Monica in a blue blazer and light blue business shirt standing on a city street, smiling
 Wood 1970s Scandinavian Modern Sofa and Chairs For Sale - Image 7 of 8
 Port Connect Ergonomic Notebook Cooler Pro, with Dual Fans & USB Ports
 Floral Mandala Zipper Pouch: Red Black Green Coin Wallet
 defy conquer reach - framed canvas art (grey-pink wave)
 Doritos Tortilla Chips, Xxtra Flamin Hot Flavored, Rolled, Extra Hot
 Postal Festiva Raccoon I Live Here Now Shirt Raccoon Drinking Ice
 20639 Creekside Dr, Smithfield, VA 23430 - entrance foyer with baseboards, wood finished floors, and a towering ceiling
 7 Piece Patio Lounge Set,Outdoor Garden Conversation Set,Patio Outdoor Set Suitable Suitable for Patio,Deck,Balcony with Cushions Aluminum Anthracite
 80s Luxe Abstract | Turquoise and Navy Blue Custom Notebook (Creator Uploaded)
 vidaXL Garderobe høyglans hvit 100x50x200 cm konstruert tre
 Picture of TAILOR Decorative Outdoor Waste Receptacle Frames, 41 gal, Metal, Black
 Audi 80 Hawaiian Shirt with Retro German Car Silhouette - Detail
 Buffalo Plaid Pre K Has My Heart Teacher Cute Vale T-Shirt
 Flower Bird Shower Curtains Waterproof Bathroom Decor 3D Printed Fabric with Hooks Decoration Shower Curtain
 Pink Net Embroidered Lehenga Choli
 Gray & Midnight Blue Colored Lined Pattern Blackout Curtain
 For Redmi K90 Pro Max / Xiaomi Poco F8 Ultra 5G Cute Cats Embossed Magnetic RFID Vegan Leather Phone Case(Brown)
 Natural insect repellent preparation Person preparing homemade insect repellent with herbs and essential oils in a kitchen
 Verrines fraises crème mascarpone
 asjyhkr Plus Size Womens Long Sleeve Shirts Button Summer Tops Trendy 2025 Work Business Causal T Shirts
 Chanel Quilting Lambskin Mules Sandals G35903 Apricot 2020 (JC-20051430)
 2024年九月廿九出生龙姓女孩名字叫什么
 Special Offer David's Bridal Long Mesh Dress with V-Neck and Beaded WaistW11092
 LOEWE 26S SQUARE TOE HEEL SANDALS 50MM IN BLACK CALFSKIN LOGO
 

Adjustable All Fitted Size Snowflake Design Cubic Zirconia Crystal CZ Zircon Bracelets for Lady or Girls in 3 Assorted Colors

■ **What the task requires**
Everything from the line with "Floral Mandala Zipper" down to the last line of the data above should be returned exactly, with both ends kept and nothing added.

■ **Problem solution**
 Floral Mandala Zipper Pouch: Red Black Green Coin Wallet
 defy conquer reach - framed canvas art (grey-pink wave)
 Doritos Tortilla Chips, Xxtra Flamin Hot Flavored, Rolled, Extra Hot
 Postal Festiva Raccoon I Live Here Now Shirt Raccoon Drinking Ice
 20639 Creekside Dr, Smithfield, VA 23430 - entrance foyer with baseboards, wood finished floors, and a towering ceiling
 7 Piece Patio Lounge Set,Outdoor Garden Conversation Set,Patio Outdoor Set Suitable Suitable for Patio,Deck,Balcony with Cushions Aluminum Anthracite
 80s Luxe Abstract | Turquoise and Navy Blue Custom Notebook (Creator Uploaded)
 vidaXL Garderobe høyglans hvit 100x50x200 cm konstruert tre
 Picture of TAILOR Decorative Outdoor Waste Receptacle Frames, 41 gal, Metal, Black
 Audi 80 Hawaiian Shirt with Retro German Car Silhouette - Detail
 Buffalo Plaid Pre K Has My Heart Teacher Cute Vale T-Shirt
 Flower Bird Shower Curtains Waterproof Bathroom Decor 3D Printed Fabric with Hooks Decoration Shower Curtain
 Pink Net Embroidered Lehenga Choli
 Gray & Midnight Blue Colored Lined Pattern Blackout Curtain
 For Redmi K90 Pro Max / Xiaomi Poco F8 Ultra 5G Cute Cats Embossed Magnetic RFID Vegan Leather Phone Case(Brown)
 Natural insect repellent preparation Person preparing homemade insect repellent with herbs and essential oils in a kitchen
 Verrines fraises crème mascarpone
 asjyhkr Plus Size Womens Long Sleeve Shirts Button Summer Tops Trendy 2025 Work Business Causal T Shirts
 Chanel Quilting Lambskin Mules Sandals G35903 Apricot 2020 (JC-20051430)
 2024年九月廿九出生龙姓女孩名字叫什么
 Special Offer David's Bridal Long Mesh Dress with V-Neck and Beaded WaistW11092
 LOEWE 26S SQUARE TOE HEEL SANDALS 50MM IN BLACK CALFSKIN LOGO
 

Adjustable All Fitted Size Snowflake Design Cubic Zirconia Crystal CZ Zircon Bracelets for Lady or Girls in 3 Assorted Colors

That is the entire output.